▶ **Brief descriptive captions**
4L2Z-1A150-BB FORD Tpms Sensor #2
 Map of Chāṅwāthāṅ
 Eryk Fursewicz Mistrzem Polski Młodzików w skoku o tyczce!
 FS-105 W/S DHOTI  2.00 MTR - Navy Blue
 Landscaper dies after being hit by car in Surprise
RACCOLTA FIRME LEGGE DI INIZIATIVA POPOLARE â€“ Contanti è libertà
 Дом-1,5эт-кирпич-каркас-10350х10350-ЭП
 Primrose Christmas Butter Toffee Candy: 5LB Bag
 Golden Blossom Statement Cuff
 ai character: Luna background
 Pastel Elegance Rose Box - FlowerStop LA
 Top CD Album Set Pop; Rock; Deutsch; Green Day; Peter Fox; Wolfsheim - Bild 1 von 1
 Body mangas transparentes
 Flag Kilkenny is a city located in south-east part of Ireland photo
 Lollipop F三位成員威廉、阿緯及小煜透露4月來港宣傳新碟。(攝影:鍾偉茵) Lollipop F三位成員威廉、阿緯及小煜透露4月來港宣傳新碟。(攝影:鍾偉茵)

▶ **Activity**
What are the lines from the one with "Body mangas transparentes" through the end of the entries? Give them again exactly, both end lines included.

▶ **Output of the task**
 Body mangas transparentes
 Flag Kilkenny is a city located in south-east part of Ireland photo
 Lollipop F三位成員威廉、阿緯及小煜透露4月來港宣傳新碟。(攝影:鍾偉茵) Lollipop F三位成員威廉、阿緯及小煜透露4月來港宣傳新碟。(攝影:鍾偉茵)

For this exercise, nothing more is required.